A very tight budget coupled with the aim to adopt an exemplary environmental approach were the leitmotifs running through the project option.
So it is that the stage and the hall, with collapsible seats, preceded by the foyer, form the central nave of the building. It is flanked by two lateral wings housing a cafeteria, multipurpose rooms, greenroom, dressing rooms, shed and technical rooms. A few administrative rooms are also fitted in on two floors between the hall and the foyer.
The building’s volumetry dovetails as closely as possible with the functional requirements. Its structure in walls of reinforced concrete blocks and fireproof prestressed concrete slabs is sheathed by 15 cm of rock wool and a corrugated galvanised steel-sheet mantel, both for the roof and the outer walls. The hall’s high walls are 30 cm thick – a thickness necessary both for the structure’s stability and its soundproofing. The exterior joinery is limited to the absolute minimum, and is in clear lumber.
A large services courtyard to the north of the backstage area, and an ornamental pond to the south of the foyer, surround the central nave on the outside.

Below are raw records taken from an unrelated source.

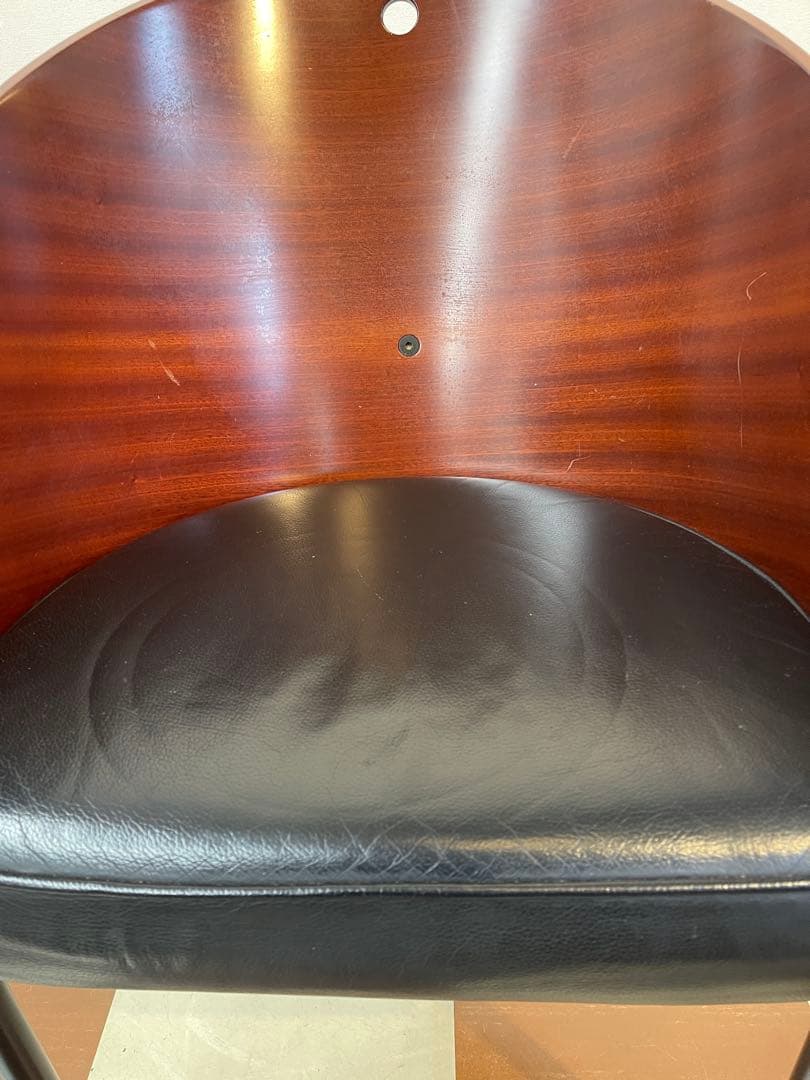 腰痛に優しい　フィリップスタルク　コステスチェア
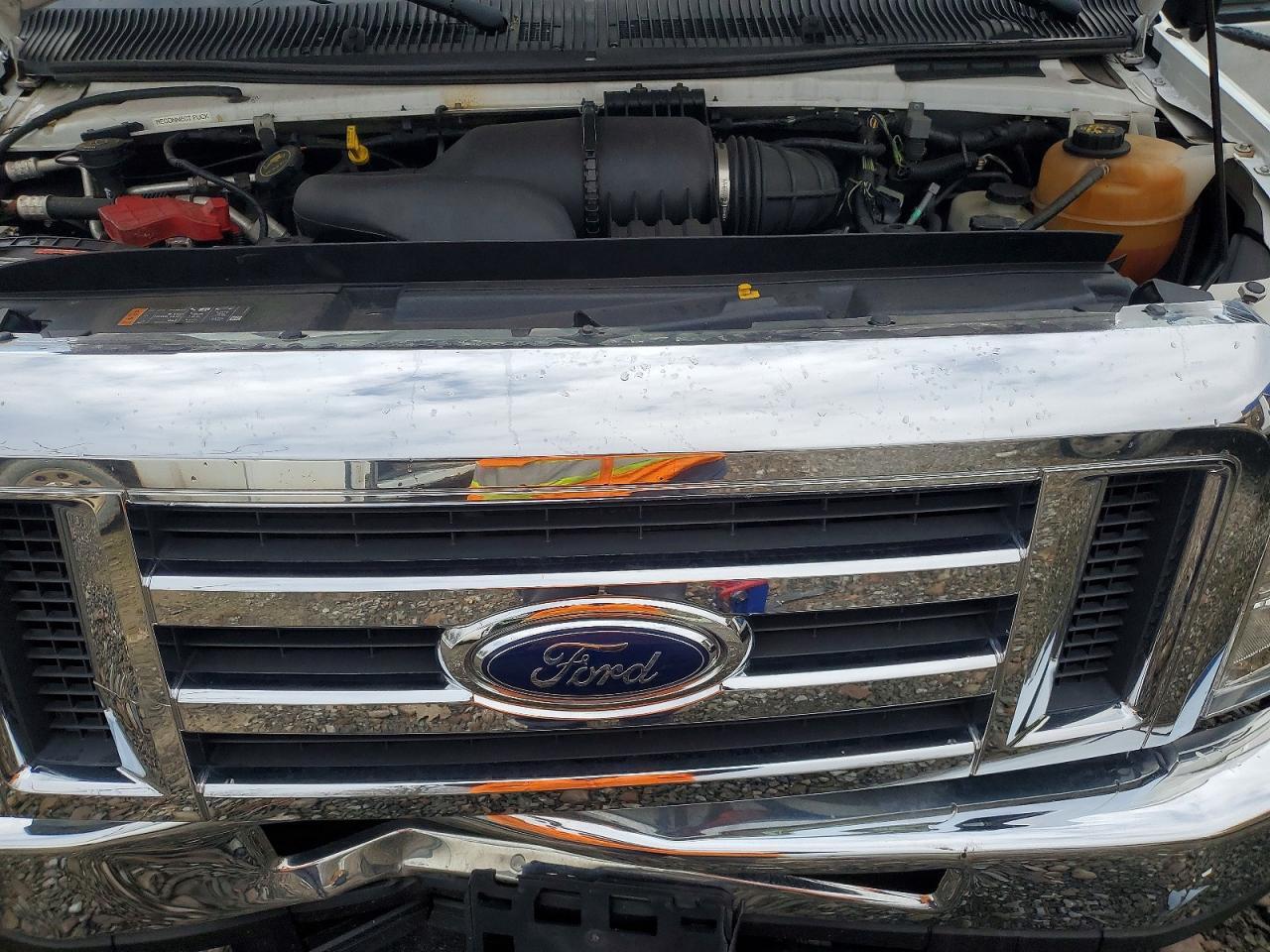 2017 Ford Econoline E350 Super Duty Cutaway Van - Image 7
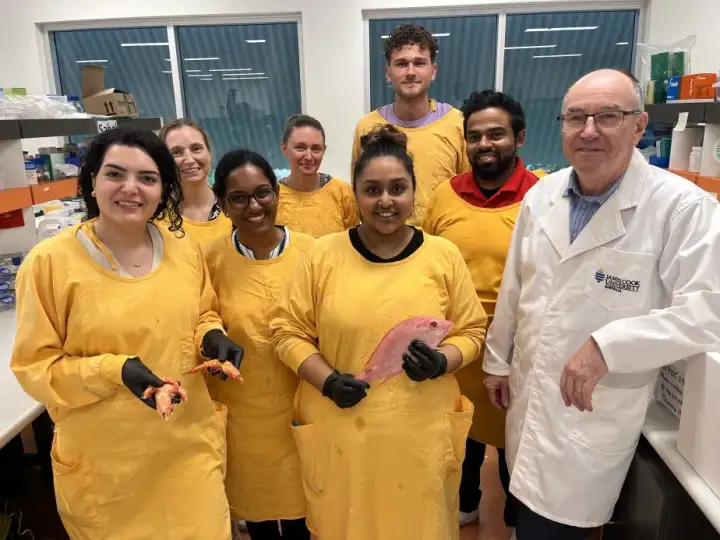 Команда, вырастившая лабораторную рыбу из молекул.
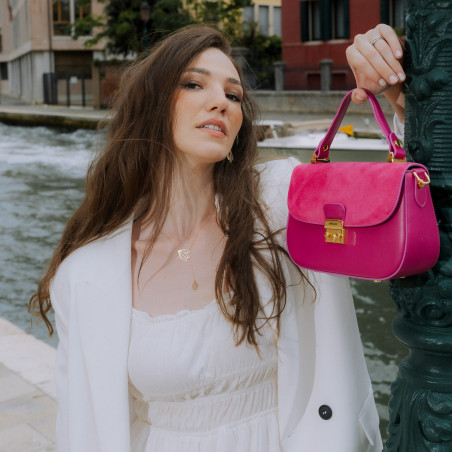 Damentasche 022g Fuchsia-kombiniert lifestyle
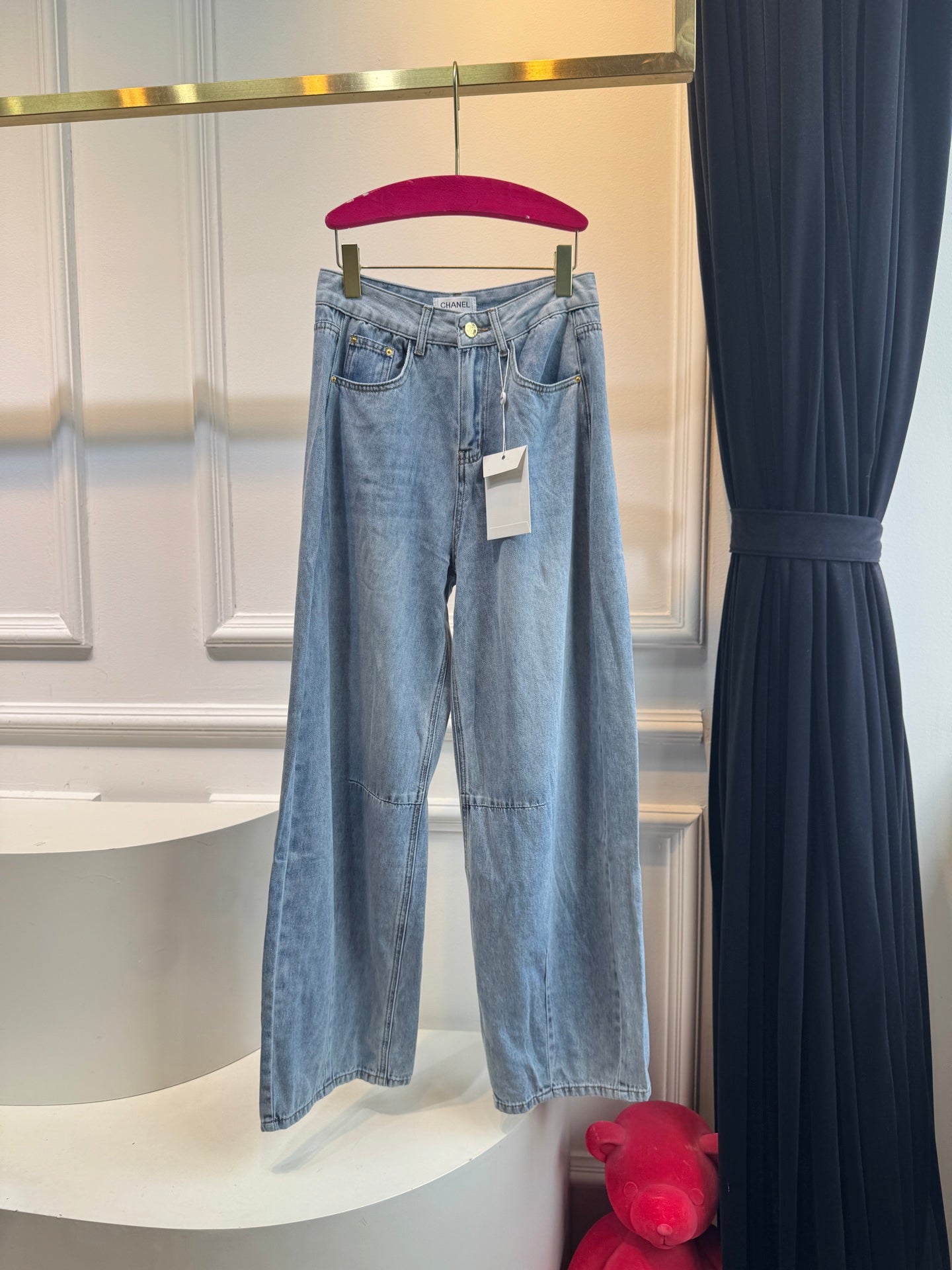 C 25 New distressed light wash jeans with logo letter design on waist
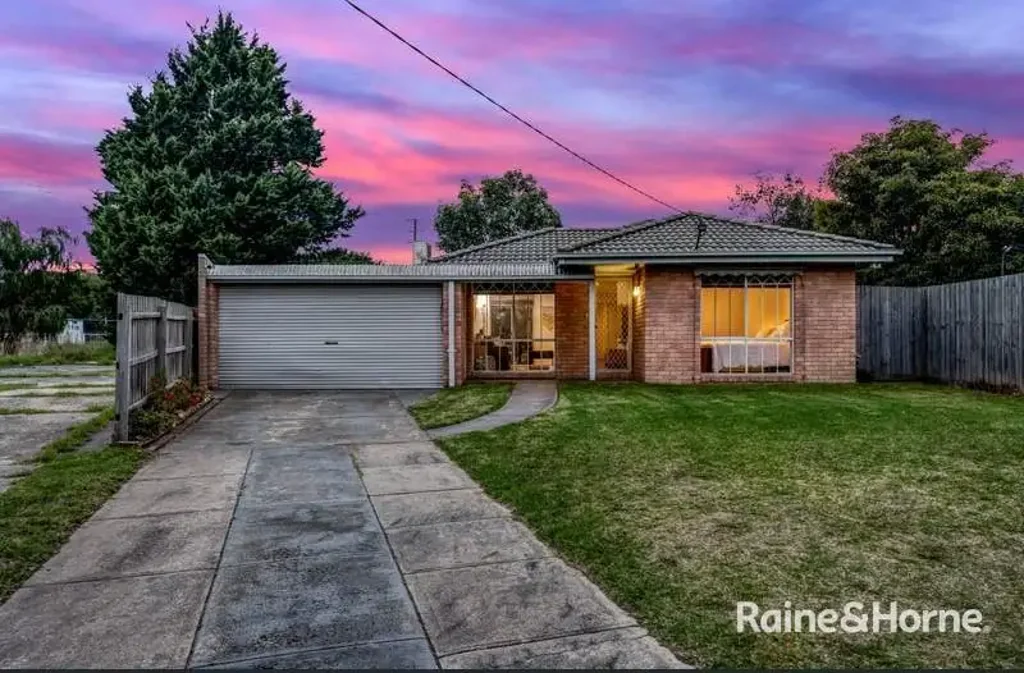 3 Bedroom House in Cranbourne!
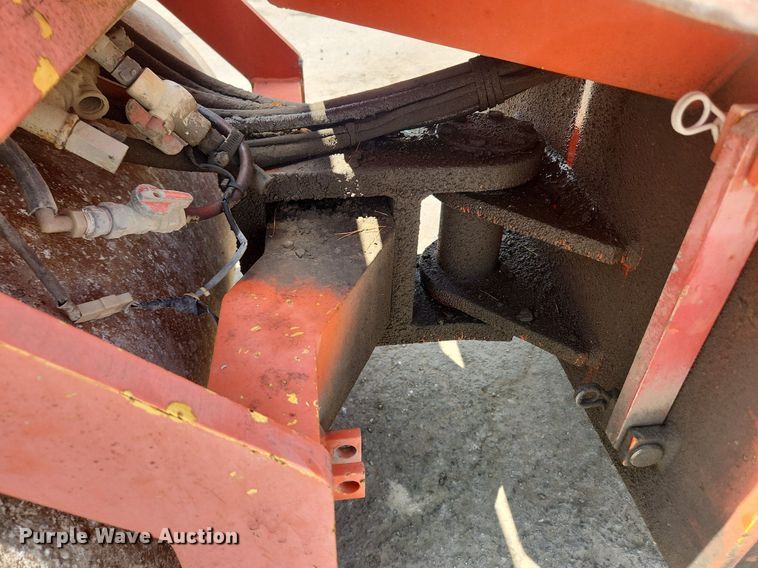 image for item LX9593 Vibromax W255K  single drum vibratory roller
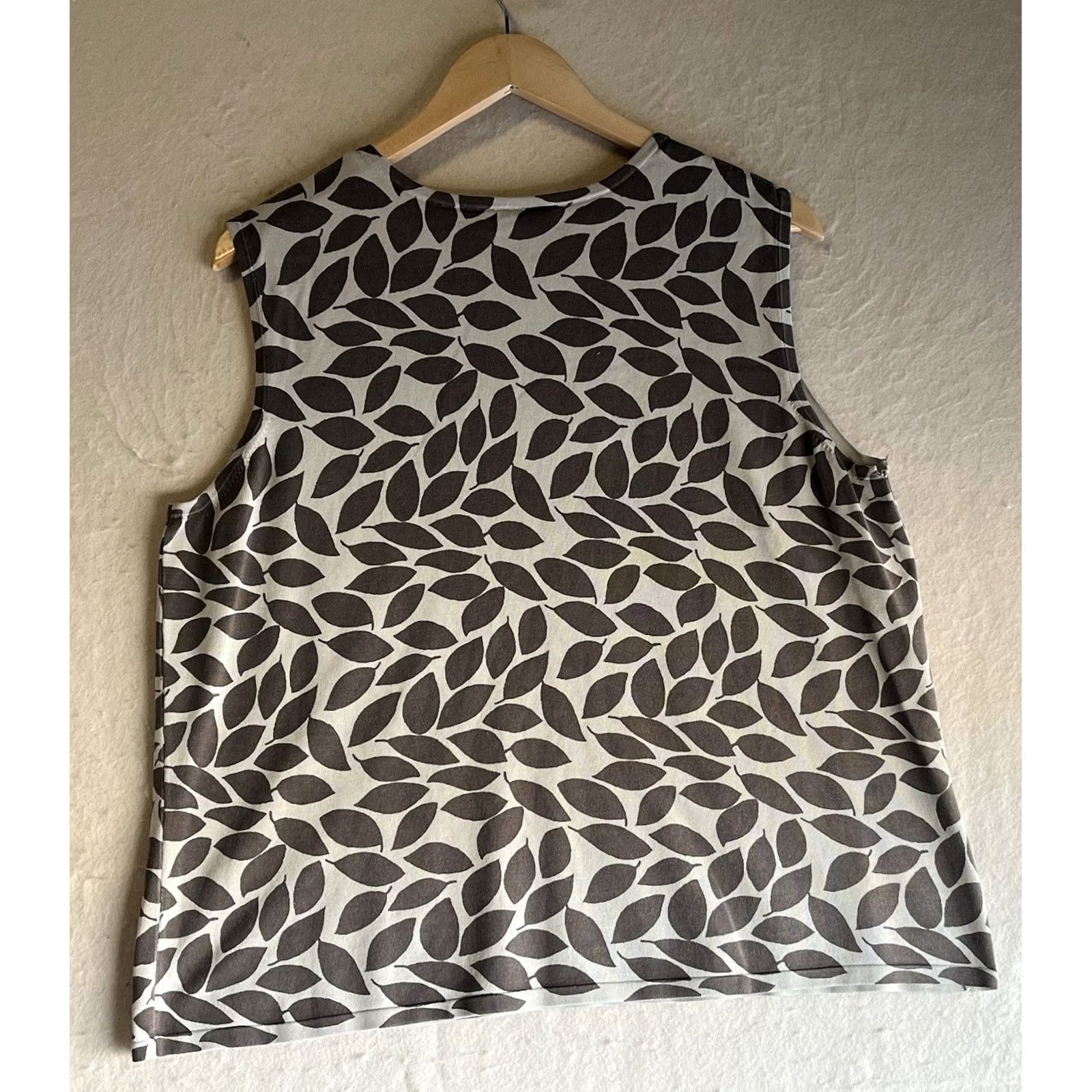 Talbots Talbots Womens Silk Blend Sleeveless Blouse 2X V-Neck Tank Camisole Multicolor Leaves 4-Season Shirt Womens Size XXL / US 16-18 / IT 52-54 - 2 Thumbnail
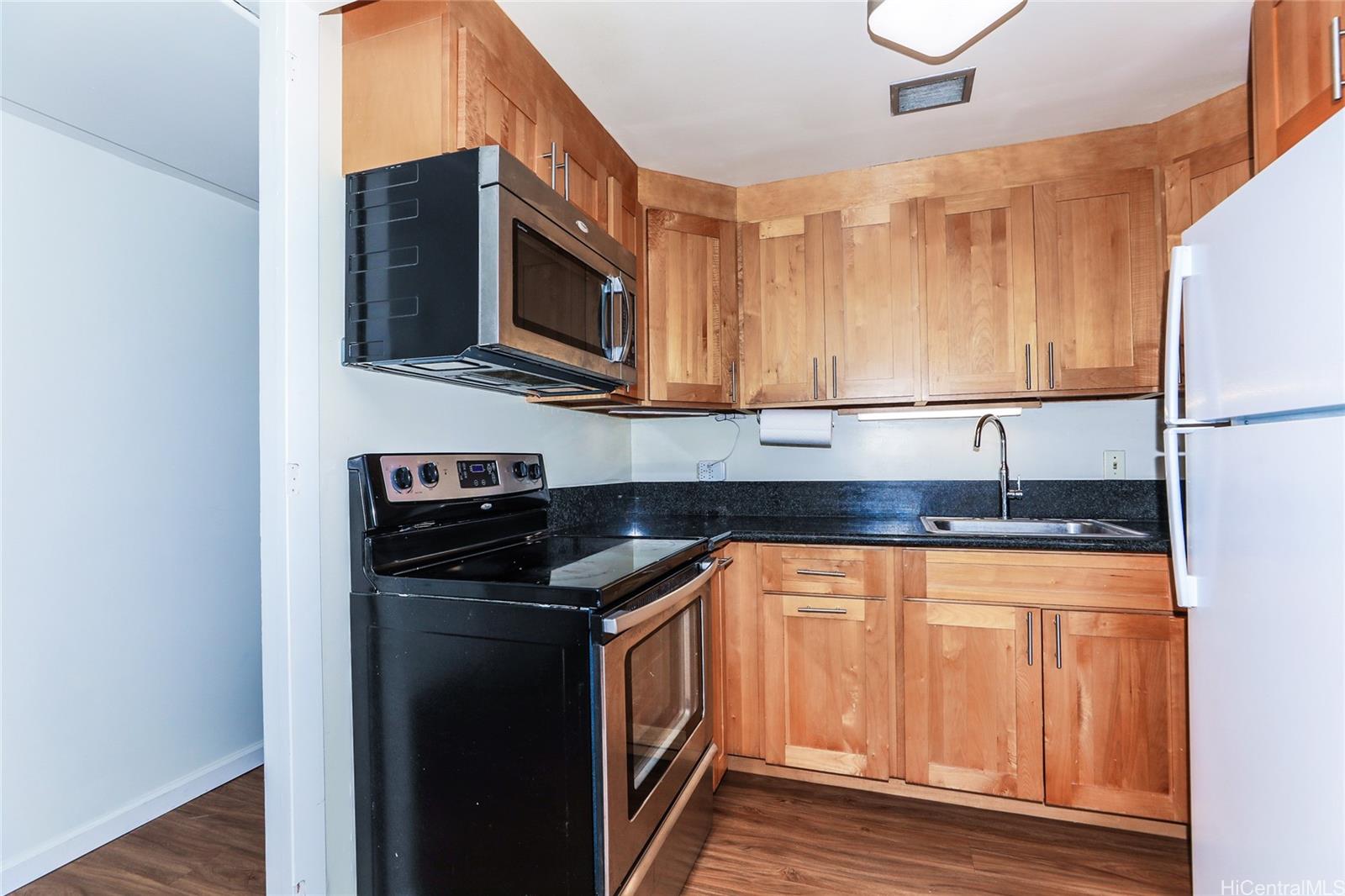 Harbor Square condo # 21H, Honolulu, Hawaii - photo 12 of 25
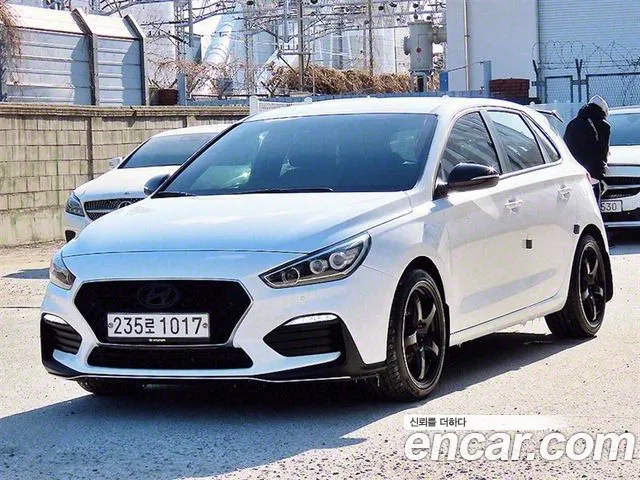 Hyundai i30 2019 thumb 11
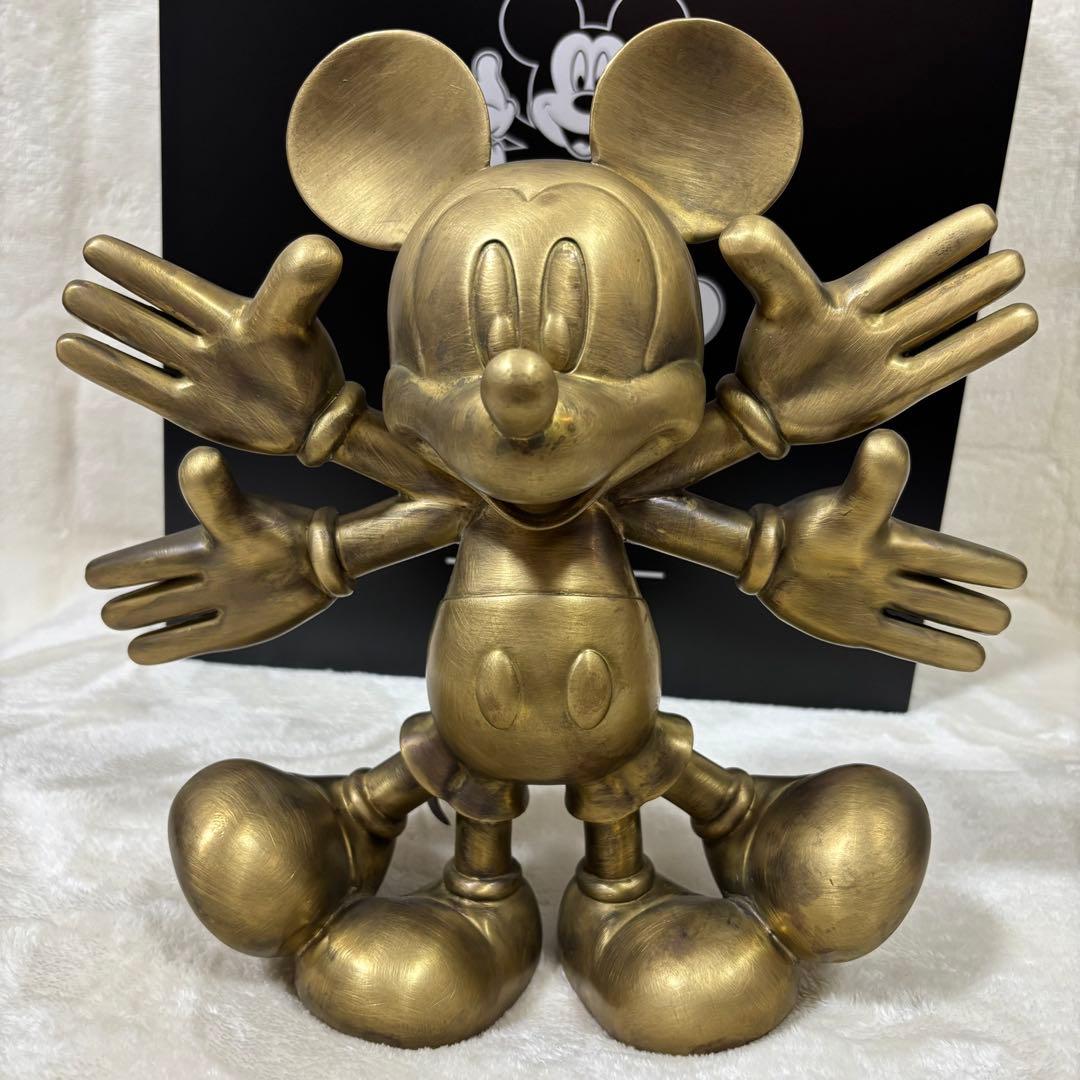 【超希少品】Disney  Angel ミッキー ゴールド フィギュア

The project makes provision for two large canopies that extend the lateral wings and undulate above the access paths. One of these also provides the link towards an existing parallelepipedal building housing a community centre. The other runs alongside an area planted with trees spaced at regular intervals covering a car park for 392 cars.
The project for the surrounding area was distorted by the municipal services, inter alia by a high-tension cabin painted in beige being sited near the building. The photographs have been touched up to remove this alteration.